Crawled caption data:
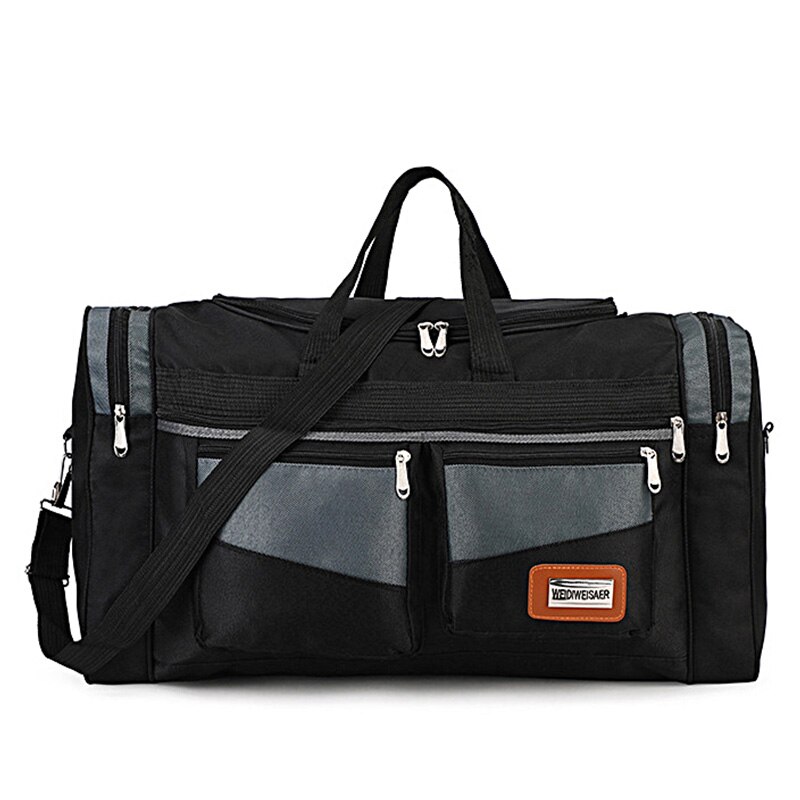 Grote Capaciteit Mode Reistas Voor Man Vrouwen Weekend Tas Grote Capaciteit Tas Nylon Draagbare Reizen Carry Bagage Tassen XA159K: Black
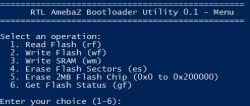 Menu of the Realtek AmebaZ Bootloader Utility version 0.1.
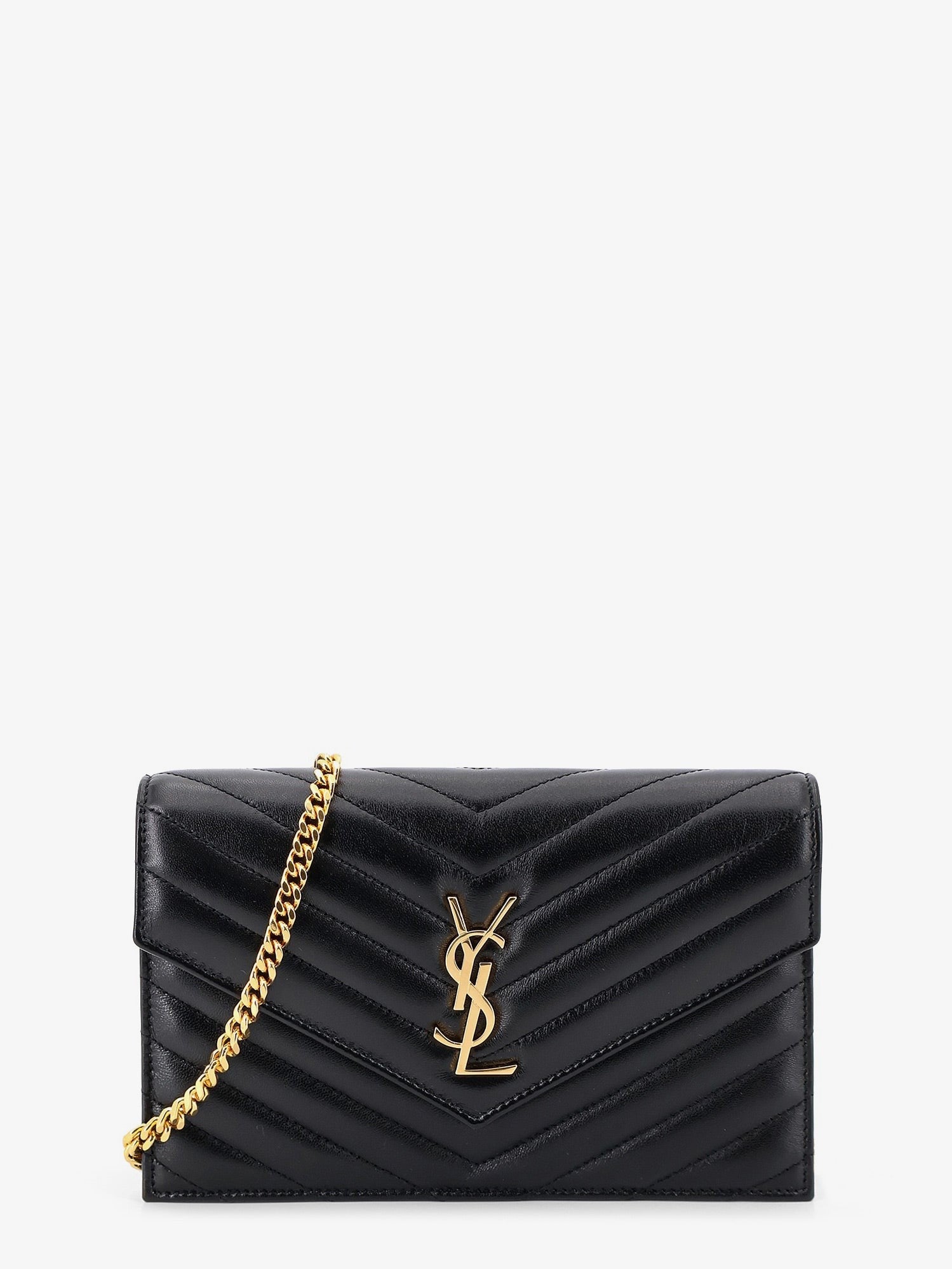 Saint Laurent Saint Laurent - Leather crossbody bag with metal Cassandre logo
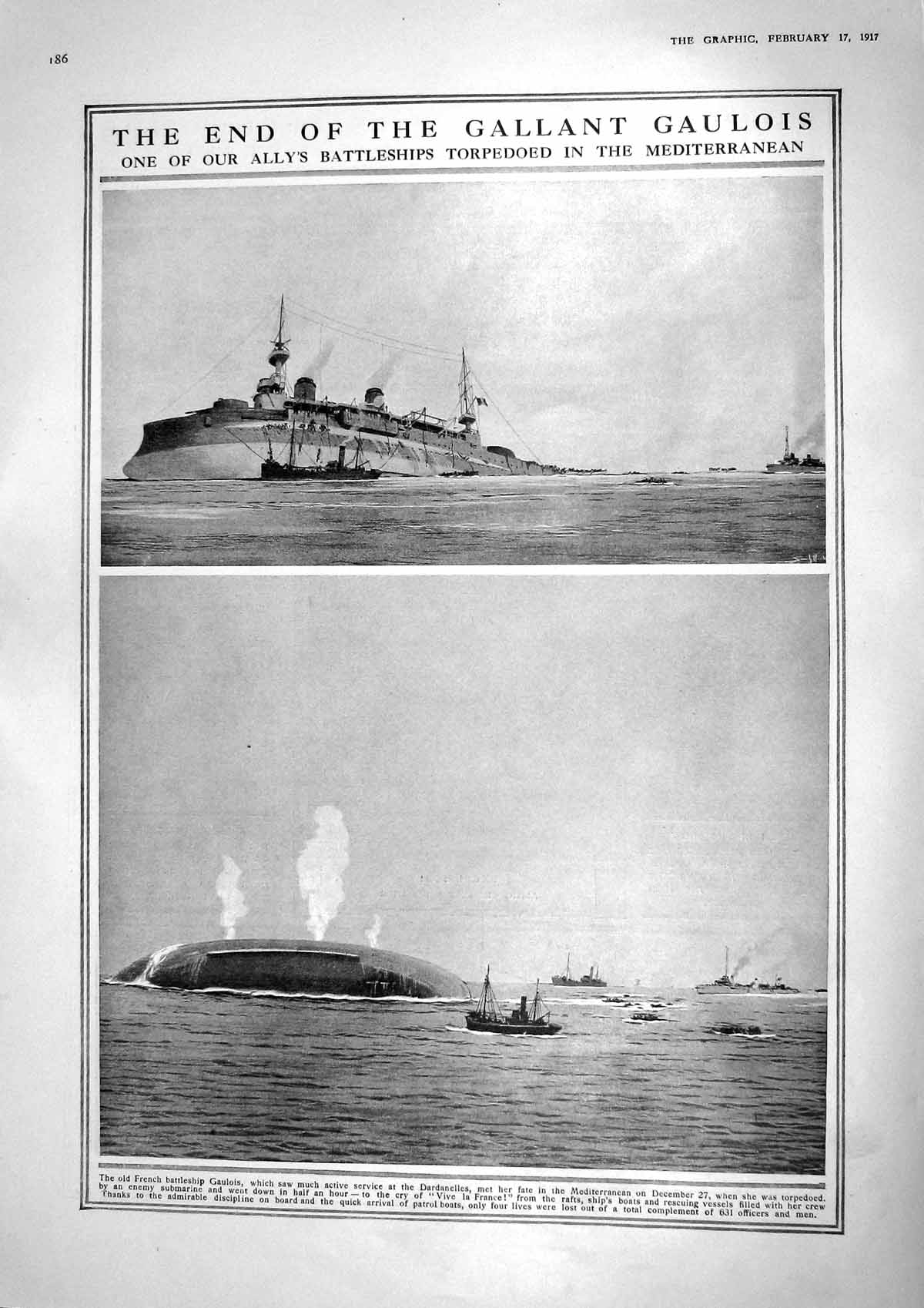 Old 1917 French Battle Ship Gaulois Sinking Mediterranean Italy War A 20th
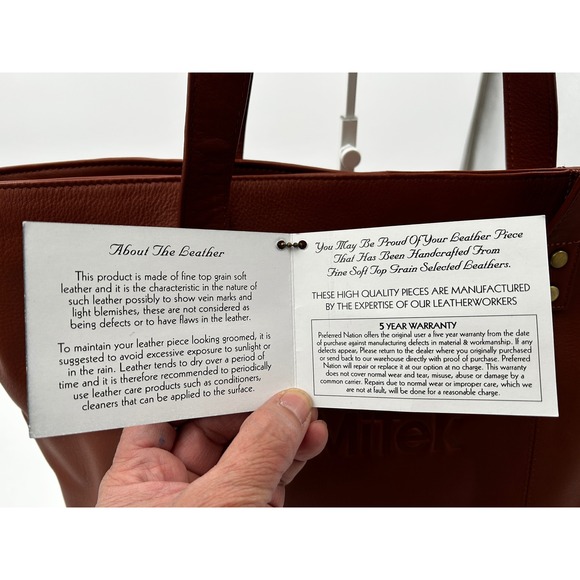 Bellino Leather Tote Women Cognac Top Grain Large Shopper Bag Laptop/Work Tote - Picture 4 of 9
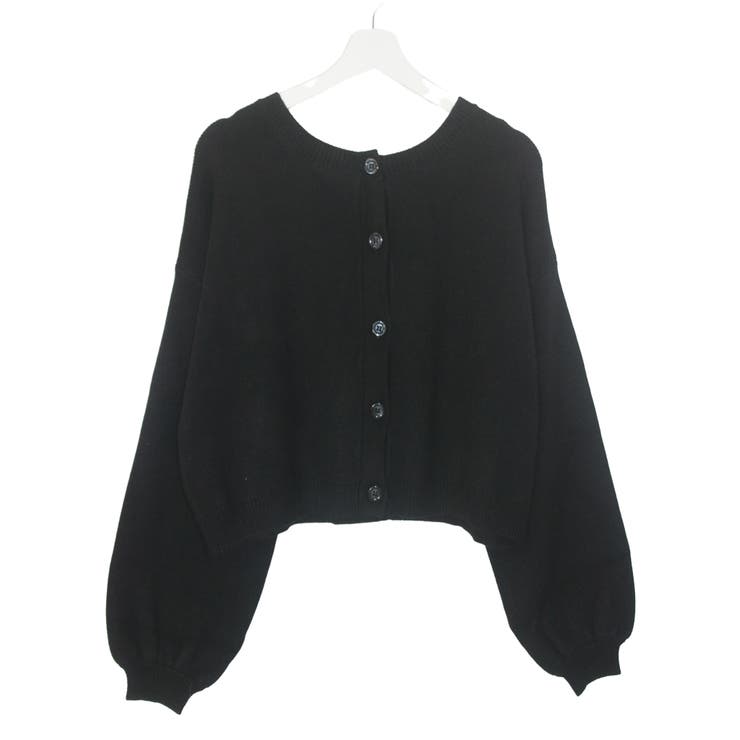 ブラック | 前後2way ニットカーディガン レディース | MiiDUE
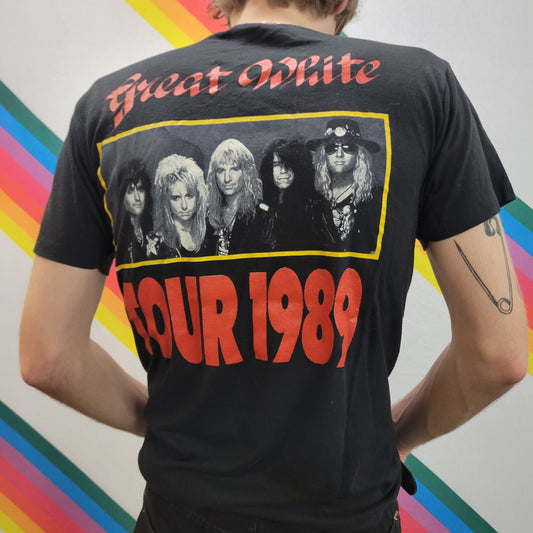 vtg 80s GREAT WHITE BAND tee / vintage classic hard rock tshirt 1989 tour 70s music funny punk shark single stitch black large cartoon shirt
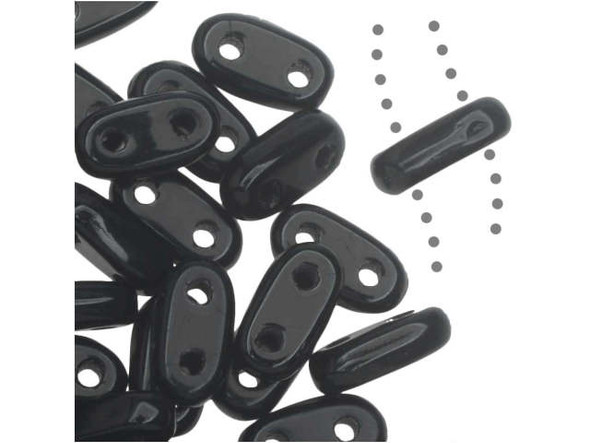 CzechMates Glass, 2-Hole Bar Beads 6x2mm, Jet Black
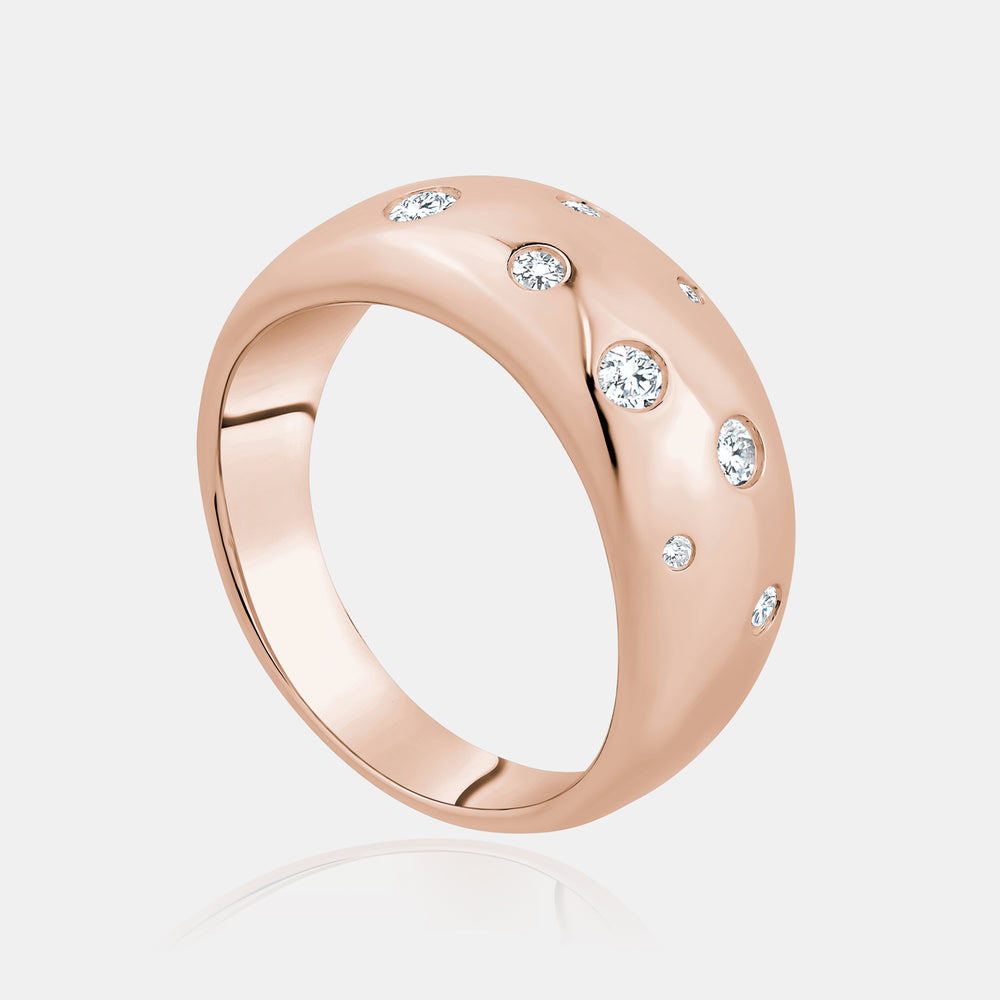 Diamond Inlay Ring - 14K Rose Gold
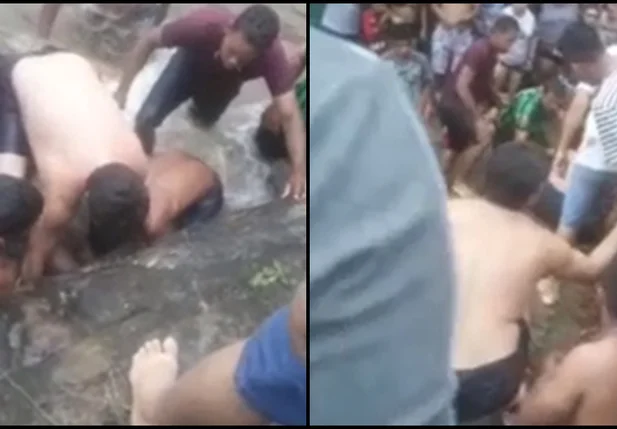 Populares realizando a retirada do homem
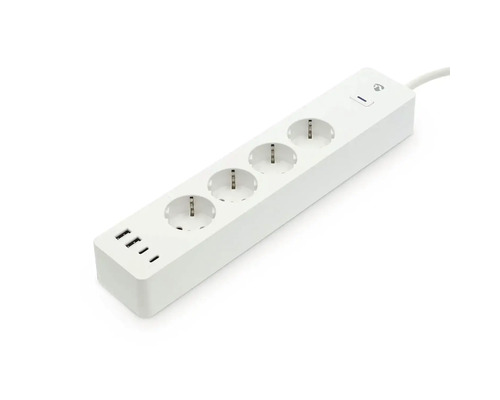 Prelungitor cu patru prize si doua porturi USB inclusiv intrerupator.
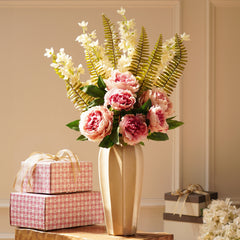 Pastel Bloom Pre-Made Faux Flower Arrangement with Vase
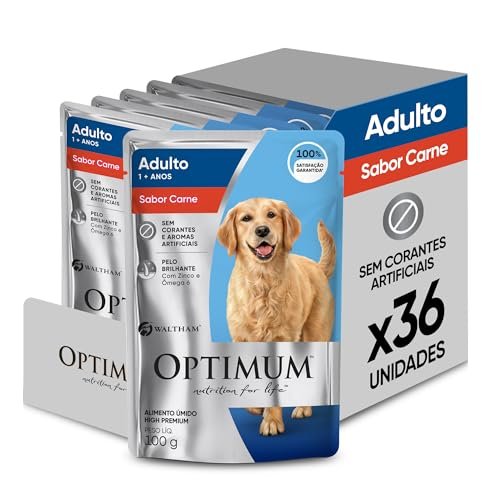 Pack Ração Úmida Optimum Sachê para Cães Adultos Sabor Carne 100g – 36 unidades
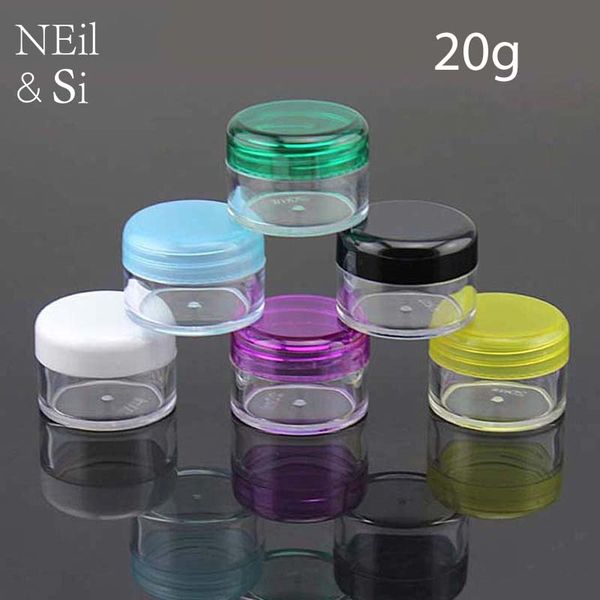 Jar 20g plástica cosmética Lip Balm Creme Loção embalagens reutilizáveis ​​Maquiagem Amostra Eyeshadow Container frete grátis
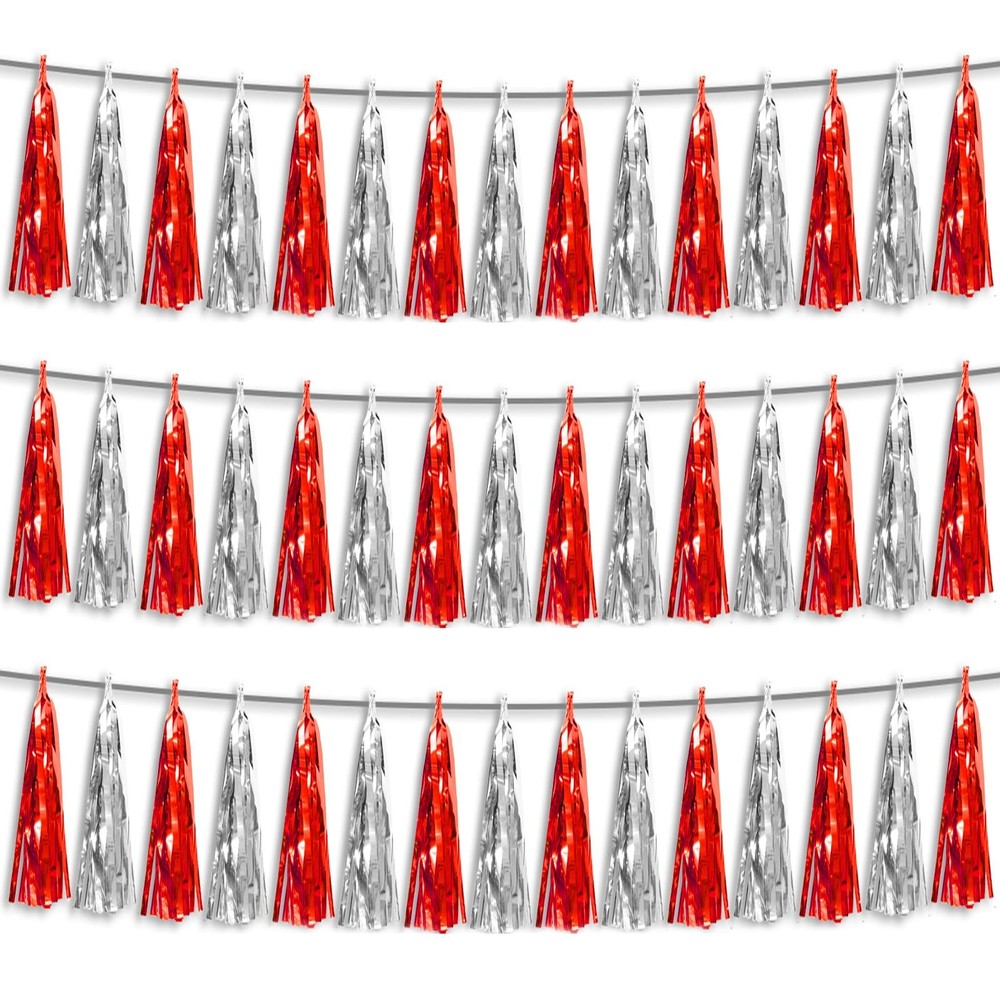 3P Red Silver Foil Fringe Metallic Tassel Streamers Banner Tassel Garland for…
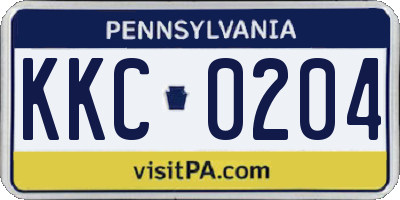 PA license plate KKC0204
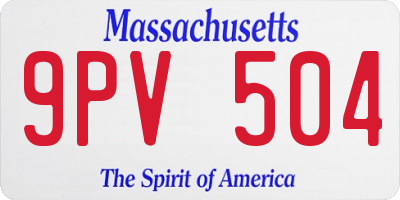 MA license plate 9PV504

# [What you need to do]
With the images excluded, reproduce the data above precisely as written.

# [Expected answer]
 Grote Capaciteit Mode Reistas Voor Man Vrouwen Weekend Tas Grote Capaciteit Tas Nylon Draagbare Reizen Carry Bagage Tassen XA159K: Black
 Menu of the Realtek AmebaZ Bootloader Utility version 0.1.
 Saint Laurent Saint Laurent - Leather crossbody bag with metal Cassandre logo
 Old 1917 French Battle Ship Gaulois Sinking Mediterranean Italy War A 20th
 Bellino Leather Tote Women Cognac Top Grain Large Shopper Bag Laptop/Work Tote - Picture 4 of 9
 ブラック | 前後2way ニットカーディガン レディース | MiiDUE
 vtg 80s GREAT WHITE BAND tee / vintage classic hard rock tshirt 1989 tour 70s music funny punk shark single stitch black large cartoon shirt
 CzechMates Glass, 2-Hole Bar Beads 6x2mm, Jet Black
 Diamond Inlay Ring - 14K Rose Gold
 Populares realizando a retirada do homem
 Prelungitor cu patru prize si doua porturi USB inclusiv intrerupator.
 Pastel Bloom Pre-Made Faux Flower Arrangement with Vase
 Pack Ração Úmida Optimum Sachê para Cães Adultos Sabor Carne 100g – 36 unidades
 Jar 20g plástica cosmética Lip Balm Creme Loção embalagens reutilizáveis ​​Maquiagem Amostra Eyeshadow Container frete grátis
 3P Red Silver Foil Fringe Metallic Tassel Streamers Banner Tassel Garland for…
 PA license plate KKC0204
 MA license plate 9PV504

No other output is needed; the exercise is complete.